The NHL has operated the Coyotes since they were purchased out of U.S. Bankruptcy Court in 2009 following former owner Jerry Moyes' attempt to sell the team to Blackberry founder Jim Balsillie, who wanted to move the franchise to Hamilton, Ontario. After numerous suitors fell through, the NHL finally reached agreement last month to sell the team to Renaissance Sports & Entertainment, a group headed by Canadian investors George Gosbee, Anthony LeBlanc and Daryl Jones.
But their deal is contingent upon reaching a new lease agreement for Jobing.com Arena, and negotiations with Glendale continue to drag on.
"This is really going to be a decision that the city of Glendale is going to have to make," Bettman said.
Added deputy commissioner Bill Daly, "They know what our decision timeline is and what are the decisions we have to make. There's no misunderstandings."
Phoenix ranked second-to-last in attendance this season, drawing fewer than 14,000 fans per game. That was about 81 percent capacity of Jobing.com Arena, well below the regular-season league average of 97 percent. But that isn't an indication that a franchise can't succeed in Arizona, Bettman said.
"We actually believe that if you gave the community an owner, not the league, who said, 'I'm committed to being there,' this franchise could be successful from a business standpoint," Bettman said. "We've seen what the fan base there can do with the uncertainty. ... If there was certainty surrounding the franchise, its fortunes would improve dramatically and immediately, just by virtue of putting in a real owner."
But the league won't let the uncertainty drag on any longer.
Asked what the NHL will do if the new owners and city officials can't reach an agreement, Bettman said he wasn't going to get into speculation. But mothballing the team is one option. So is moving it, and Bettman indicated there are cities that could take control of the Coyotes this summer and be ready to play in October.
"There are a myriad of options," he said. "The focus, at least for the time being, remains on having the Coyotes in Arizona. Obviously, we'll have lots of choices, options and decisions. If we get to that point — and hopefully we won't — then we'll focus on which one is the best."
Bettman touched on several other topics in his half-hour news conference, including whether NHL players will be at the Sochi Olympics next year. Though Bettman said he's "optimistic" a deal will be reached, the distance and the location — Sochi is a 10 ½- hour flight from New York — have complicated the talks.
"We continue to work at it," Daly said. "The parties have been in close contact in recent days, and we hope to get together and get it hammered out in the near future."
Bettman also said the NHL is thriving despite the lockout that shortened the season to 48 games. Arenas were 97 percent full during the regular season and have topped 100 percent during the playoffs, he said. There also have been increases — "and records, in some cases" — in TV ratings, both nationally and locally, Bettman said.

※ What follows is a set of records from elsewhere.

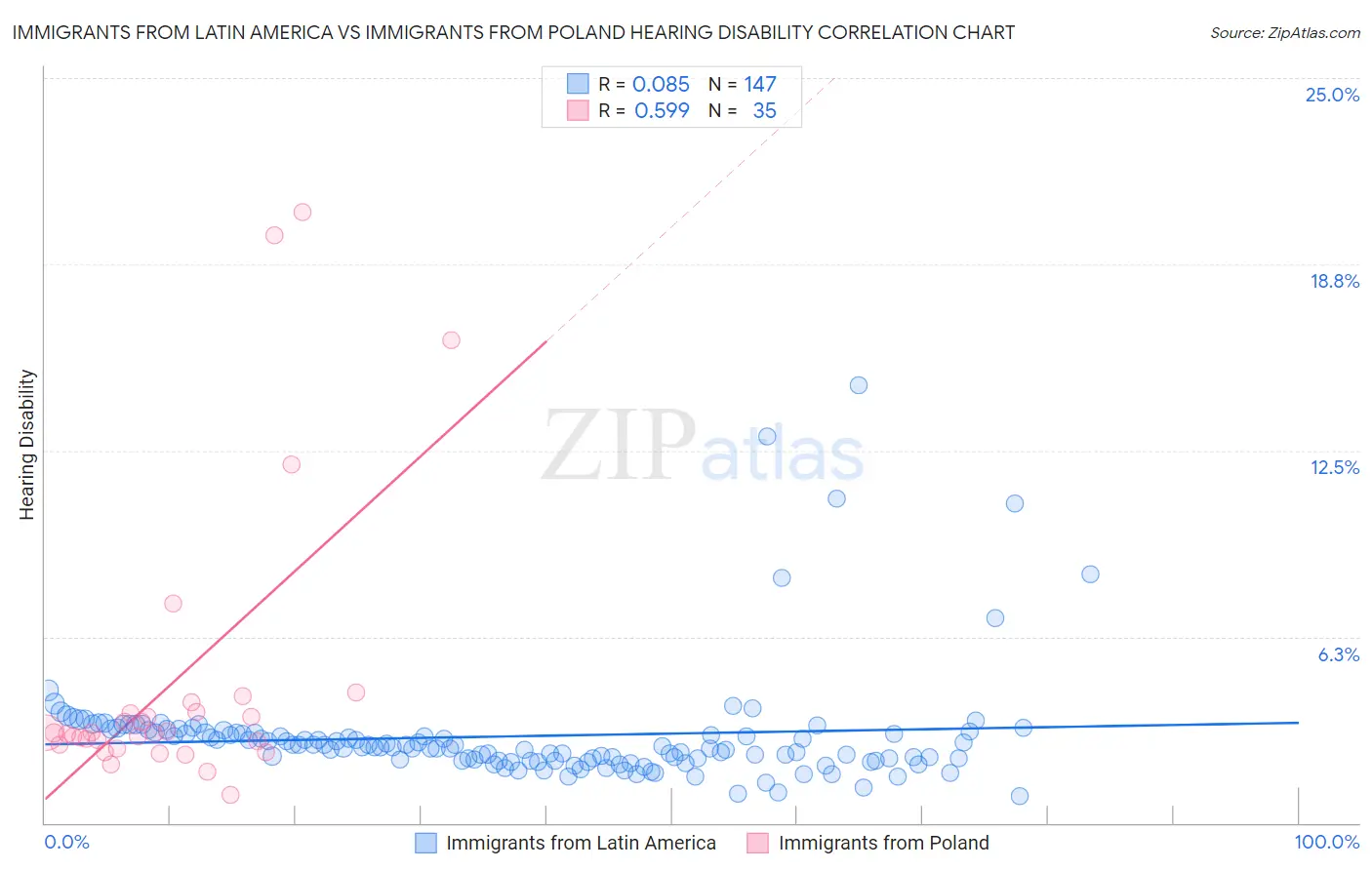 Immigrants from Latin America vs Immigrants from Poland Hearing Disability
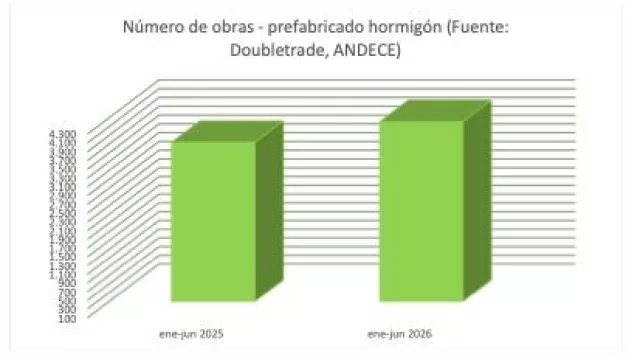 Se rebaja el crecimiento de las obras con prefabricado de hormigón, según Andece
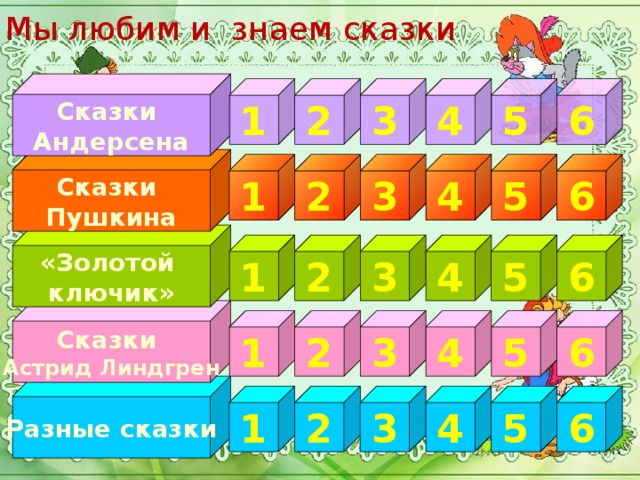 Мы любим и знаем сказки Сказки Андерсена 1 2 3 4 5 6 Сказки Пушкина 6 5 1 3 2 4 «Золотой ключик» 3 6 5 4 2 1 Сказки Астрид Линдгрен 5 1 6 4 3 2 Разные сказки 1 6 5 4 3 2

The league also expects to see revenues above what would correspond with only playing 58 percent of its schedule.
"Obviously we had a start to the season which was not the one we wanted," Bettman said. "But when you look at the entirety of what's gone on, no doubt our fans have been nothing short of spectacular. We're grateful for that and we thank them."
Bettman was the target of much of the fans' ire during the lockout. But he has continued to be visible, and that won't change when it comes to awarding the Stanley Cup.
Asked if he planned to award the trophy to either Boston or Chicago, Bettman responded with an emphatic, "Yes."